┌──

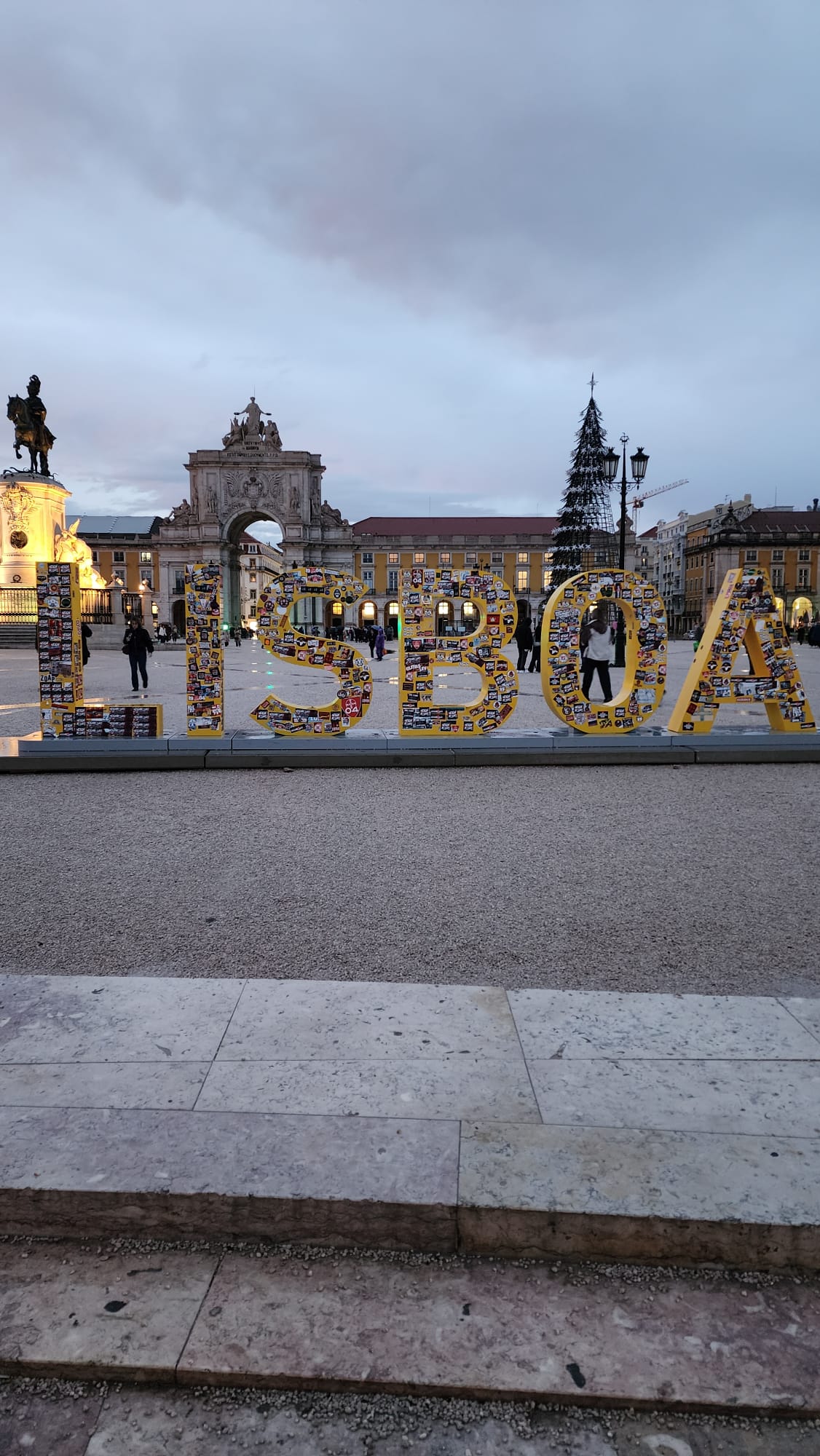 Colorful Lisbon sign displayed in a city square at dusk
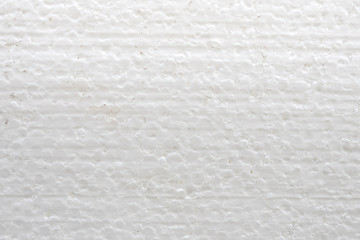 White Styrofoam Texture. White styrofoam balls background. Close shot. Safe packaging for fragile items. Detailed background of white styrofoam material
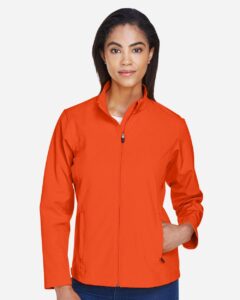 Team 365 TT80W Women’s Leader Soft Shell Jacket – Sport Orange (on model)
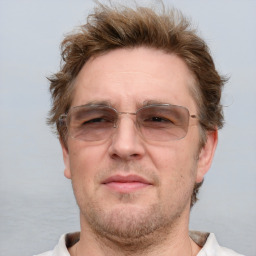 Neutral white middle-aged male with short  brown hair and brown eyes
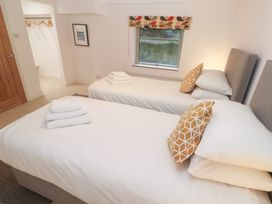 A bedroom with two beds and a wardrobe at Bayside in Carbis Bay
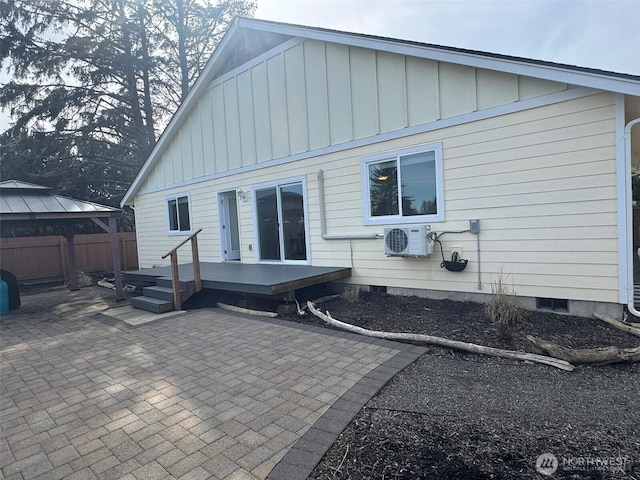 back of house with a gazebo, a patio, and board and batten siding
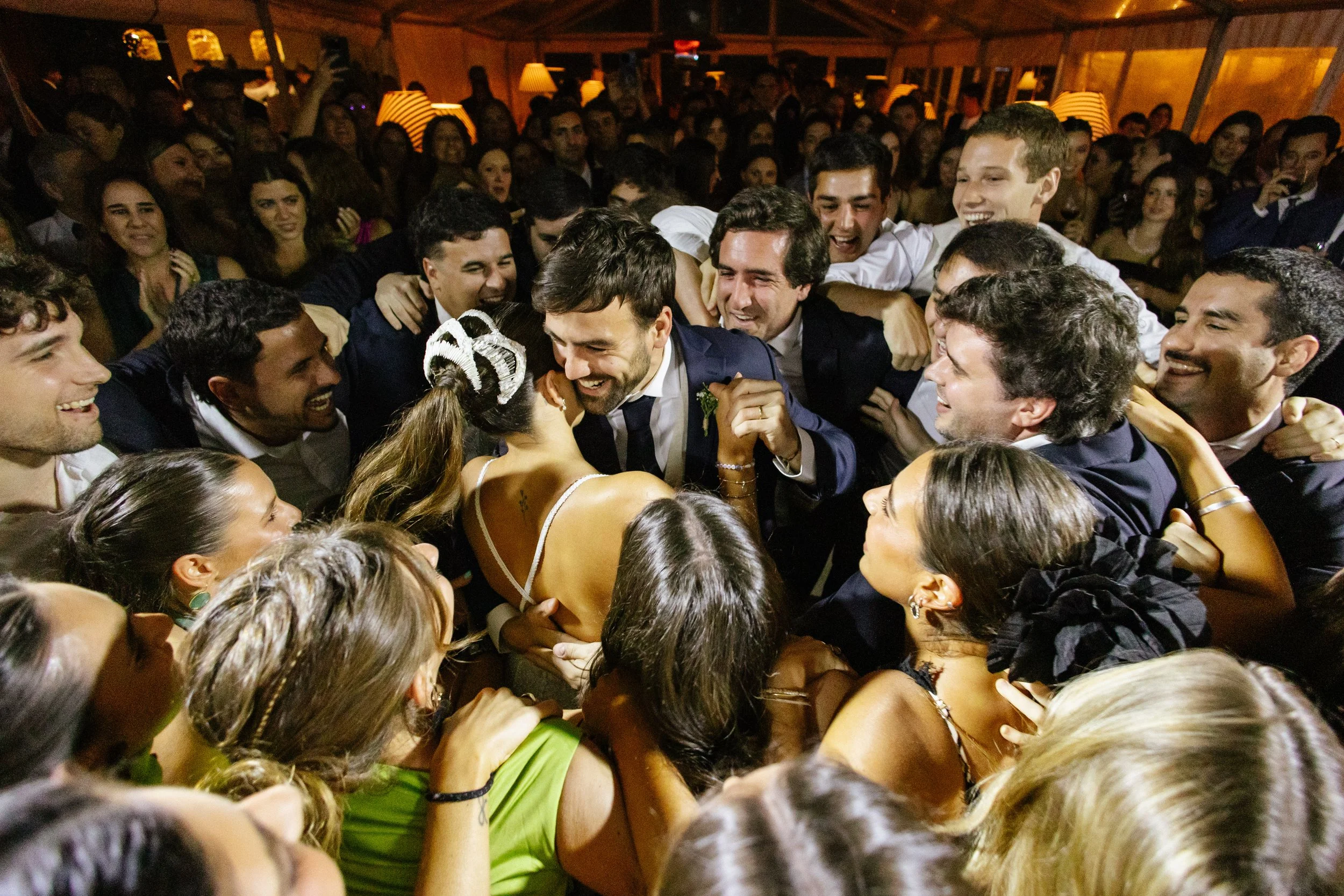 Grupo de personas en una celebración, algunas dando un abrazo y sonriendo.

└──

The whole of the data needs to be copied word for word, though not its pictures.

> EXERCISE RESPONSE
 Colorful Lisbon sign displayed in a city square at dusk
 White Styrofoam Texture. White styrofoam balls background. Close shot. Safe packaging for fragile items. Detailed background of white styrofoam material
 Team 365 TT80W Women’s Leader Soft Shell Jacket – Sport Orange (on model)
 Neutral white middle-aged male with short  brown hair and brown eyes
 A bedroom with two beds and a wardrobe at Bayside in Carbis Bay
 back of house with a gazebo, a patio, and board and batten siding
 Grupo de personas en una celebración, algunas dando un abrazo y sonriendo.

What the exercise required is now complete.